How to complete this task |
Leave out any picture and return the remaining listing below exactly as given.
The data below:
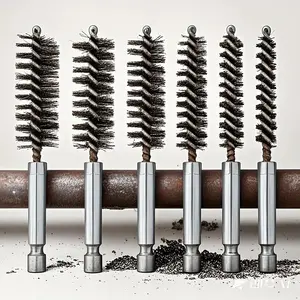 6pcs set of stainless steel wire tube brushes, multi-specification wire brush for deburring screws and threads, rust removal, 1/4" hexagonal handle design, dusting, de-rusting, decaying and polishing pipes, ports and bearings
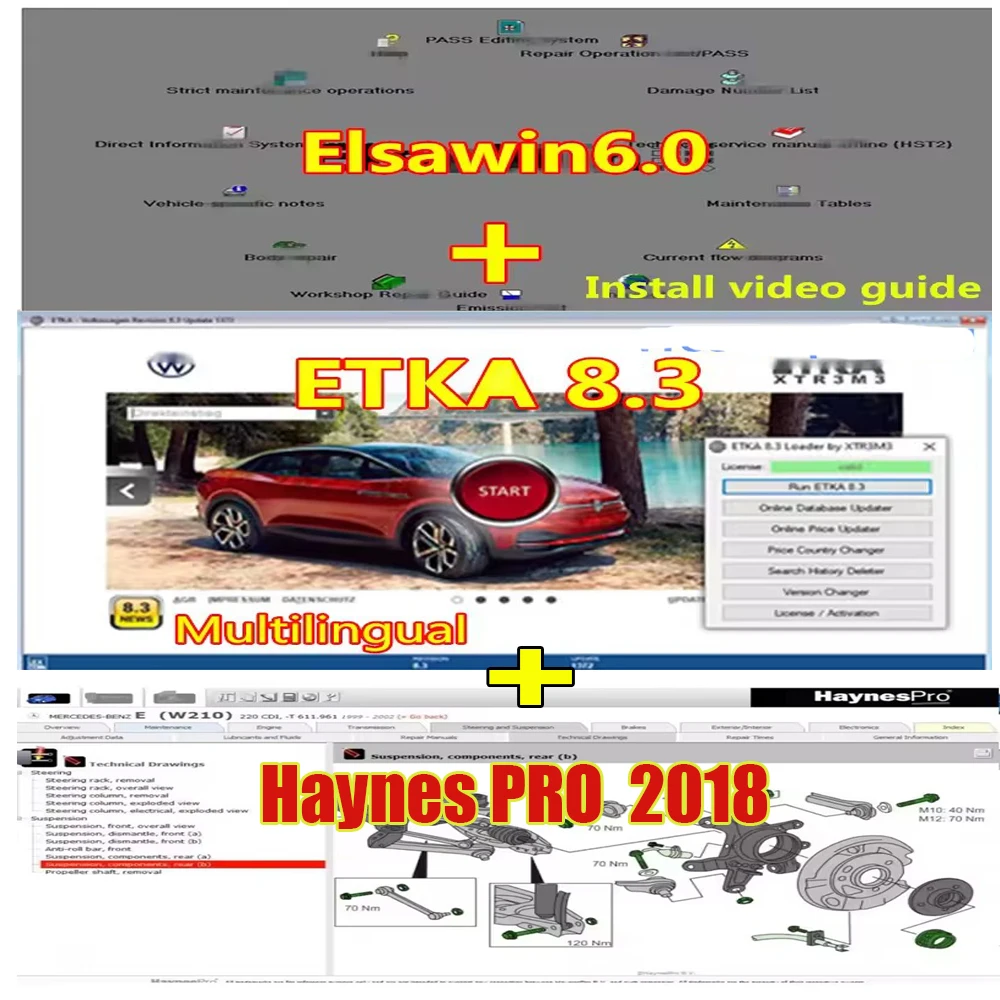 

Etka 8.3+ELSAWIN 6.0 maintenance software group vehicle electronic parts catalog +HAYNES PRO vivid Workshop Data 2018 softwares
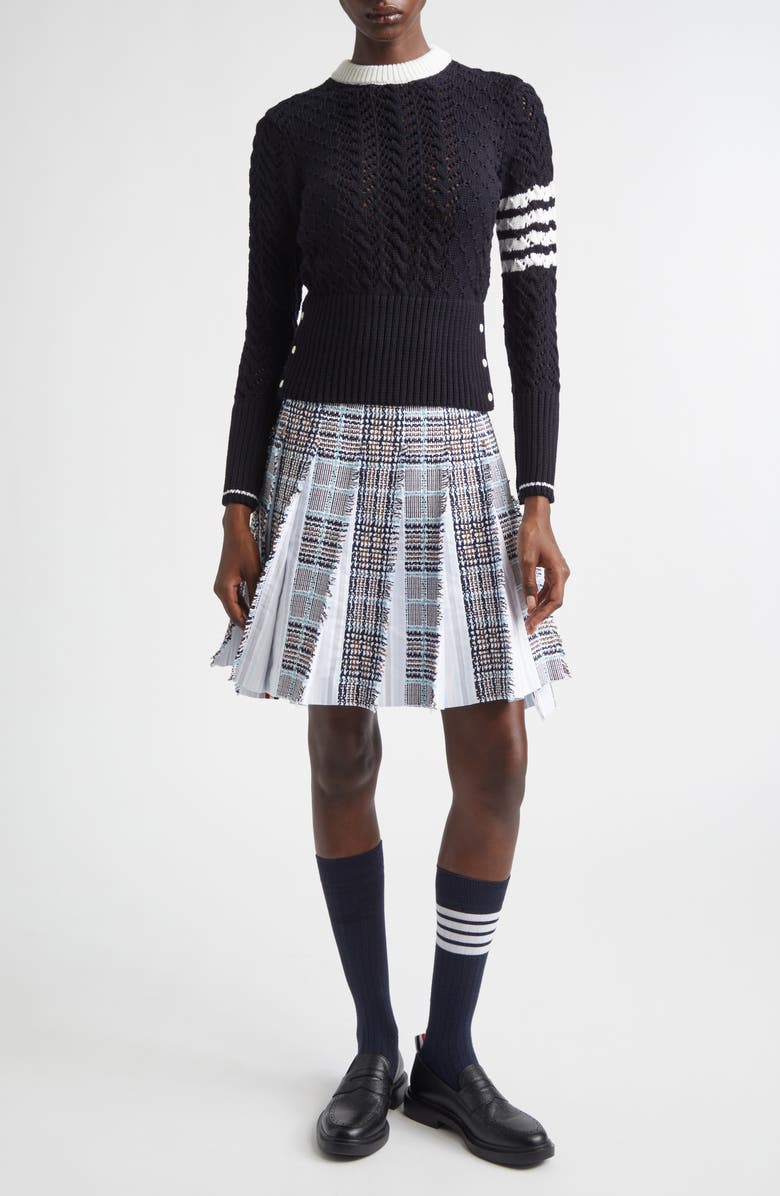 Thom Browne 4-Bar Pointelle Cable Virgin Wool Sweater, Alternate, color, Navy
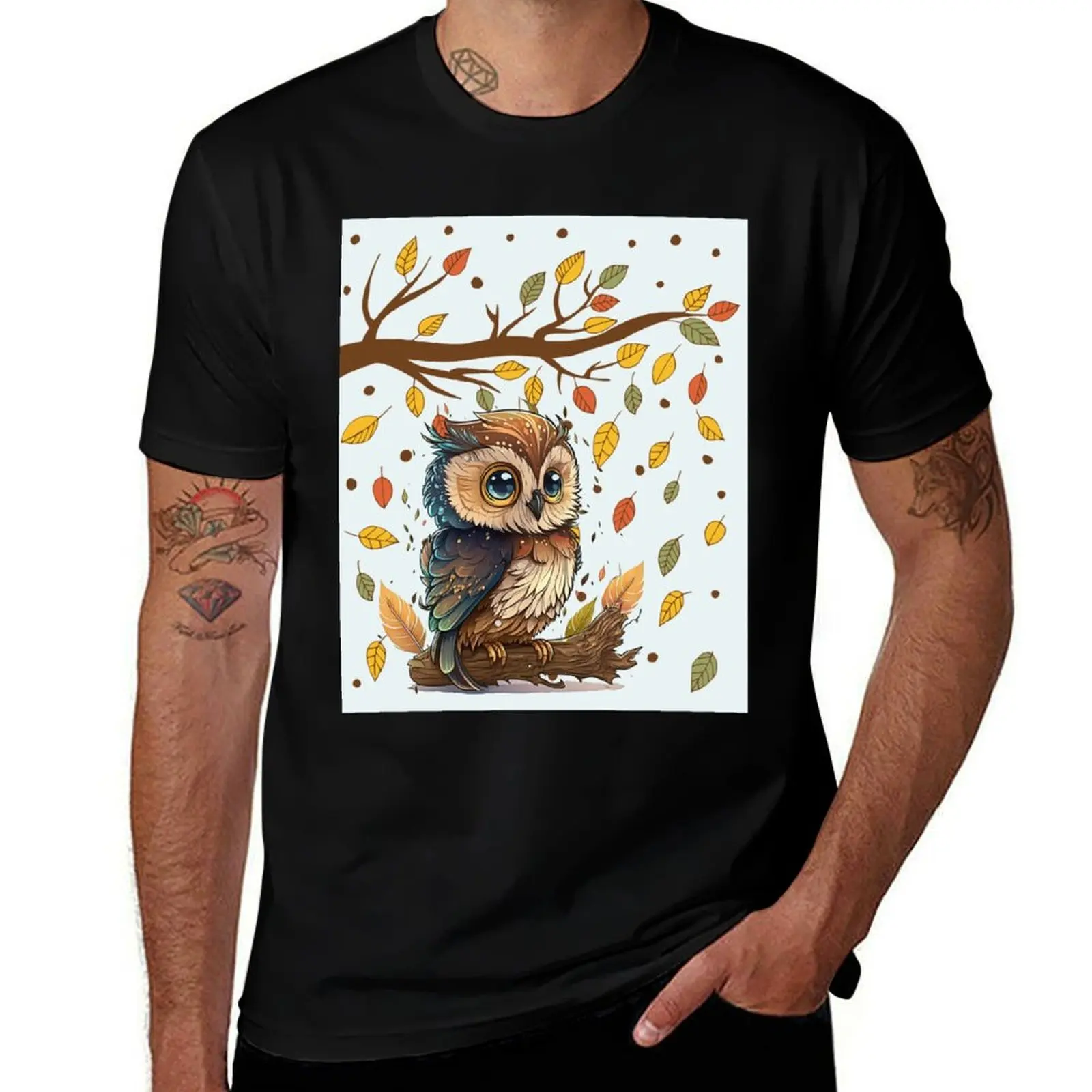 

AUTUMN OWL T-Shirt anime topping plain vintage clothes men t shirts high quality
End of The data.
Response to this exercise |
 6pcs set of stainless steel wire tube brushes, multi-specification wire brush for deburring screws and threads, rust removal, 1/4" hexagonal handle design, dusting, de-rusting, decaying and polishing pipes, ports and bearings

Etka 8.3+ELSAWIN 6.0 maintenance software group vehicle electronic parts catalog +HAYNES PRO vivid Workshop Data 2018 softwares
 Thom Browne 4-Bar Pointelle Cable Virgin Wool Sweater, Alternate, color, Navy

AUTUMN OWL T-Shirt anime topping plain vintage clothes men t shirts high quality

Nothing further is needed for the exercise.